Required work. Go through the records below from the first line and print each one exactly, stopping after the line that contains "Used 2025 GMC". Do not print pictures or anything past that line.

Captioned web image data:
☆ ☆ ☆ ☆ ☆ ☆ ☆

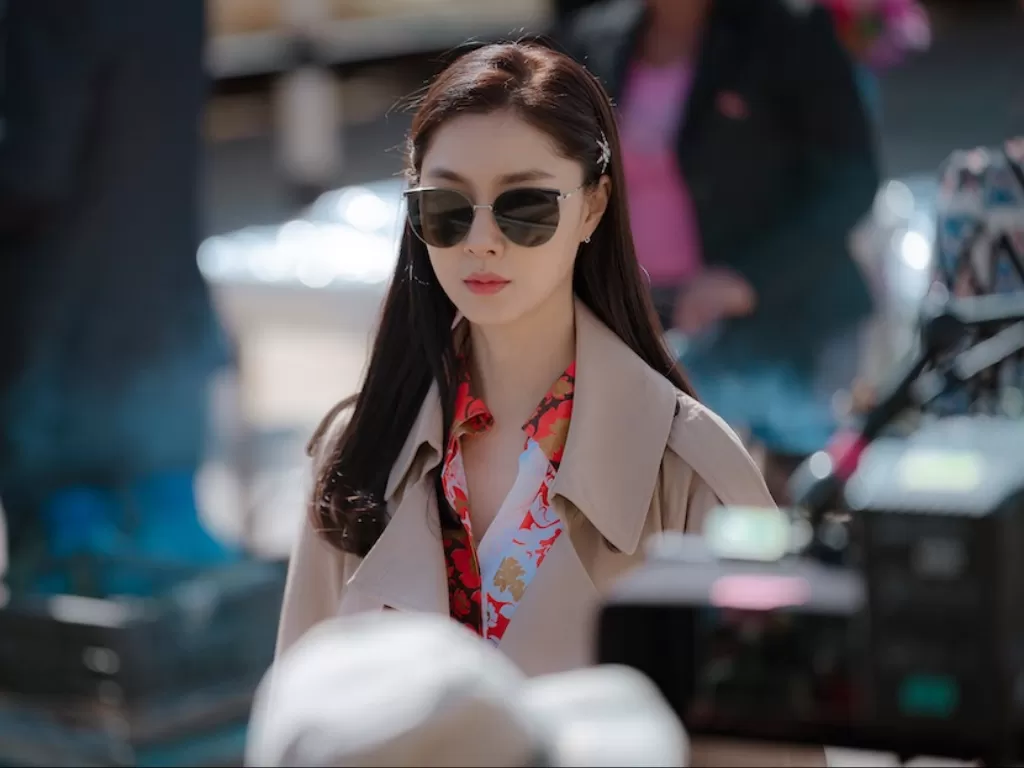 Fashion Seo Ji-hye dalam drama Crash Landing on You. (Netflix)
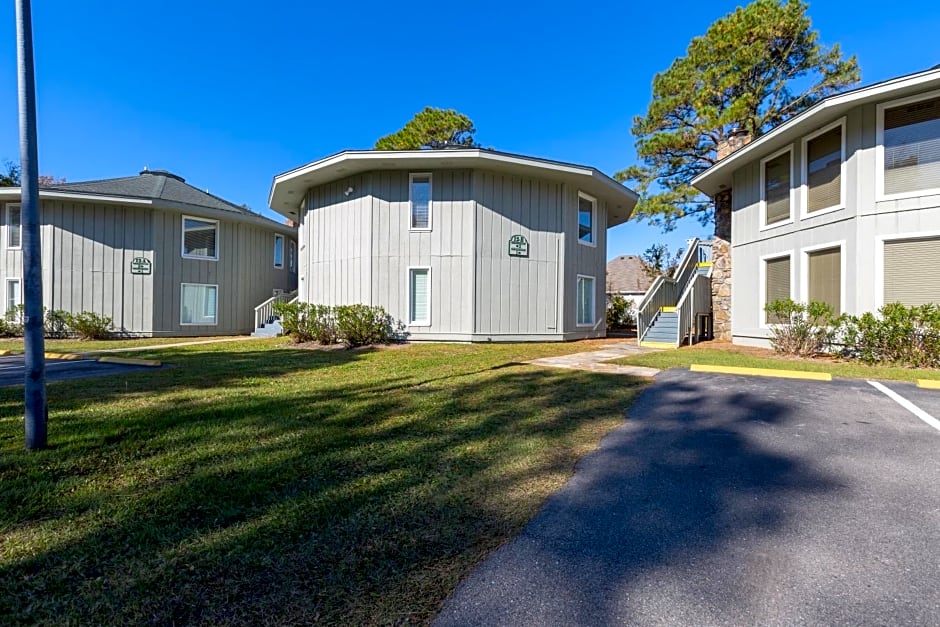 Country Club Villas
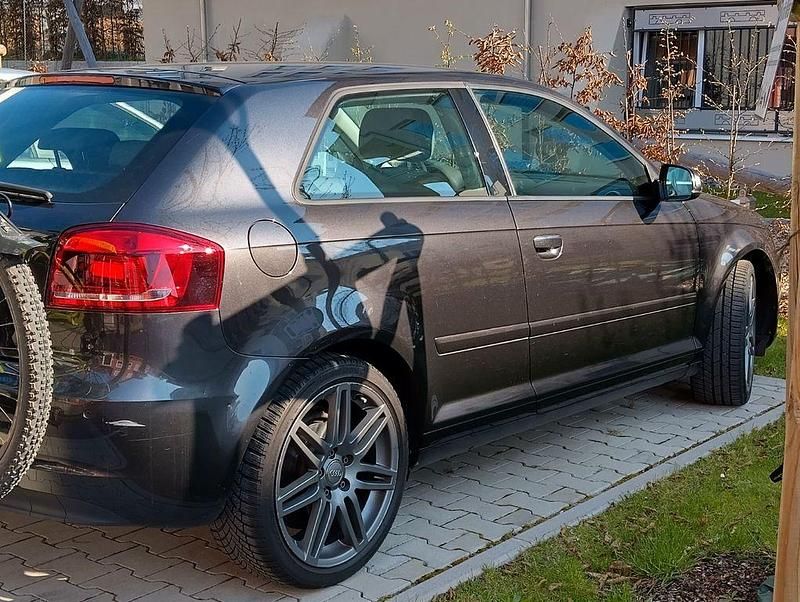 Gebraucht Audi A3 Ambiente 105 PS (77 kW) 2010 Grau Kleinwagen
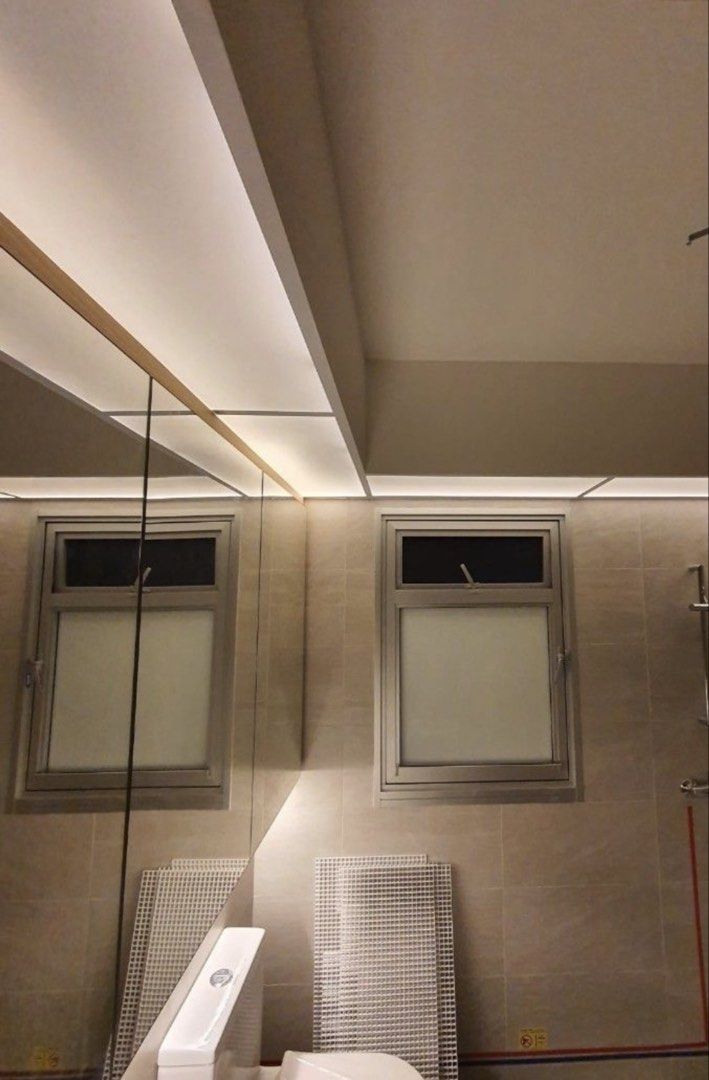 Bto toilet acrylic panels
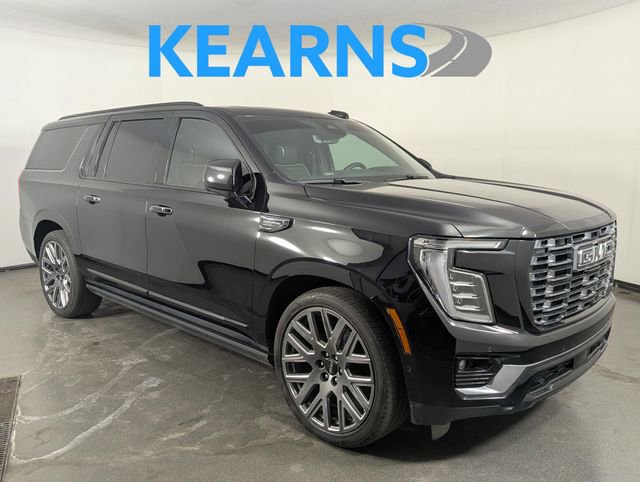 Used 2025 GMC Yukon XL Denali Ultimate image 1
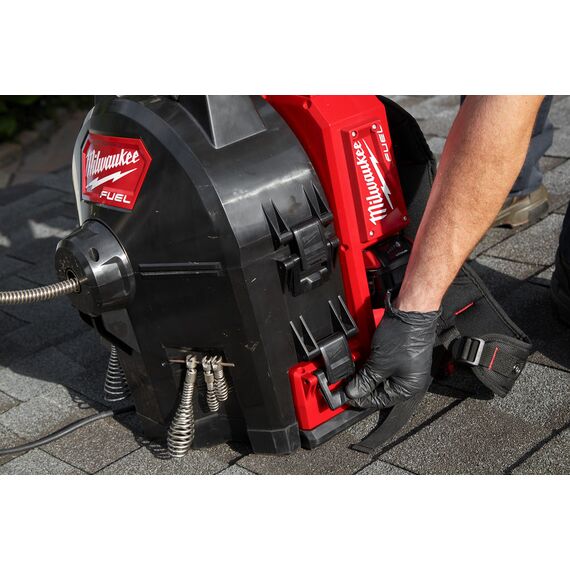Аккумуляторная ранцевая прочистная машина Milwaukee M18 FFSDC10-0 - 4933459707, фото, изображение 10 Аккумуляторная ранцевая прочистная машина Milwaukee M18 FFSDC10-0 - 4933459707, внеший вид, изображение 10
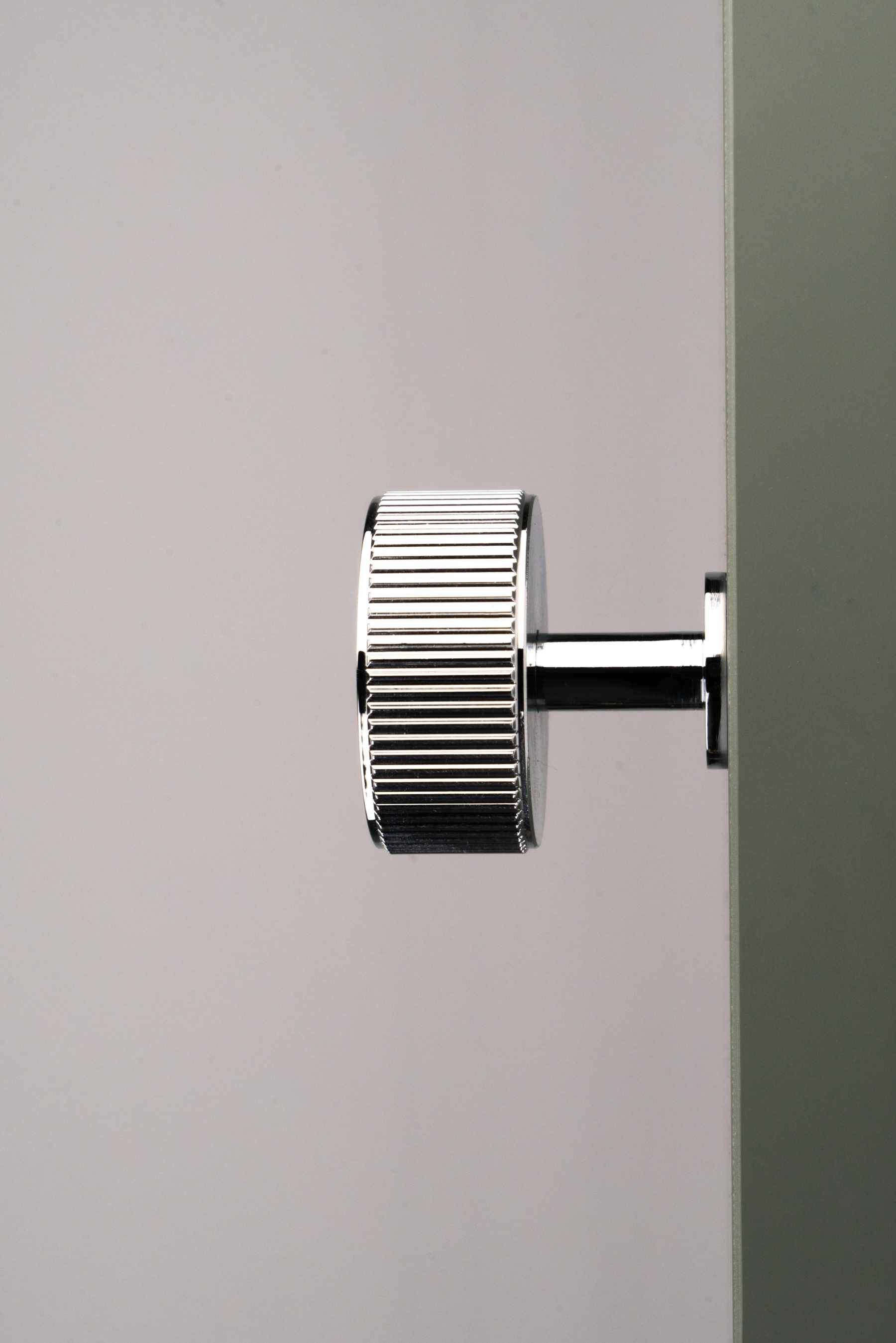 CB Lines Radio | Knop i Blank Krom Ø 35 mm x D 34 mm Carlisle Brass FTD713CP FINICC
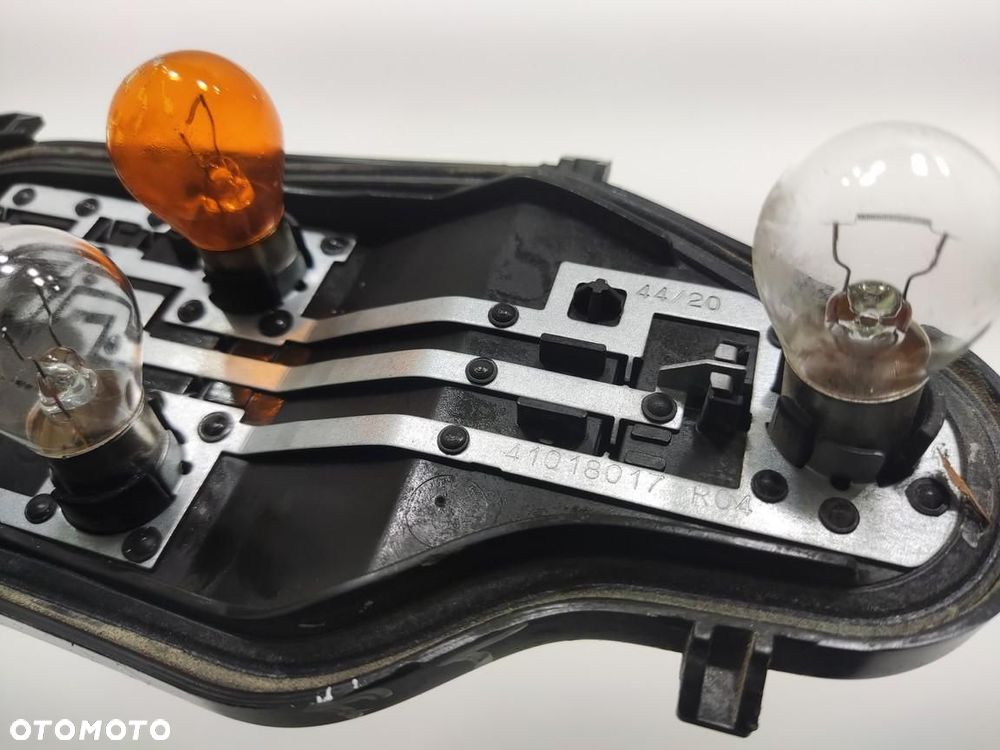 WKŁAD LAMPY PRAWY TYŁ OPRAWA ŻARÓWEK PARTNER BERLINGO IV 2018-2023 - 5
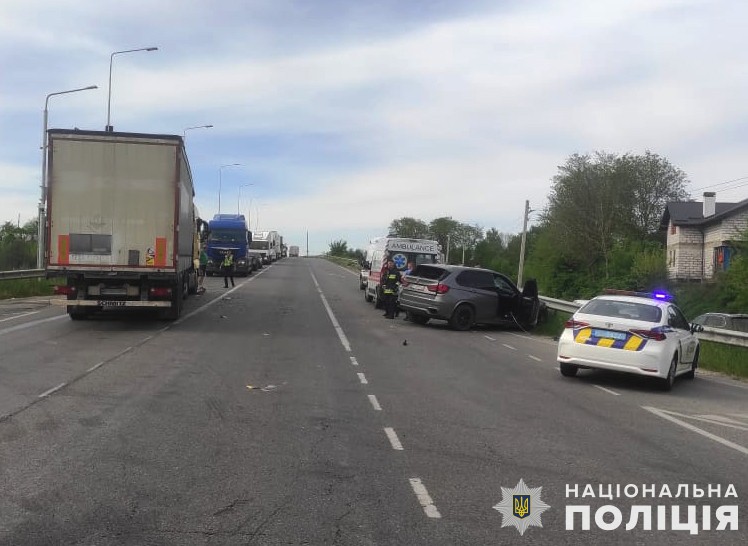 На Львівщині фура зіткнулась з позашляховиком: постраждали троє чоловіків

☆ ☆ ☆ ☆ ☆ ☆ ☆

Your response.
 Fashion Seo Ji-hye dalam drama Crash Landing on You. (Netflix)
 Country Club Villas
 Gebraucht Audi A3 Ambiente 105 PS (77 kW) 2010 Grau Kleinwagen
 Bto toilet acrylic panels
 Used 2025 GMC Yukon XL Denali Ultimate image 1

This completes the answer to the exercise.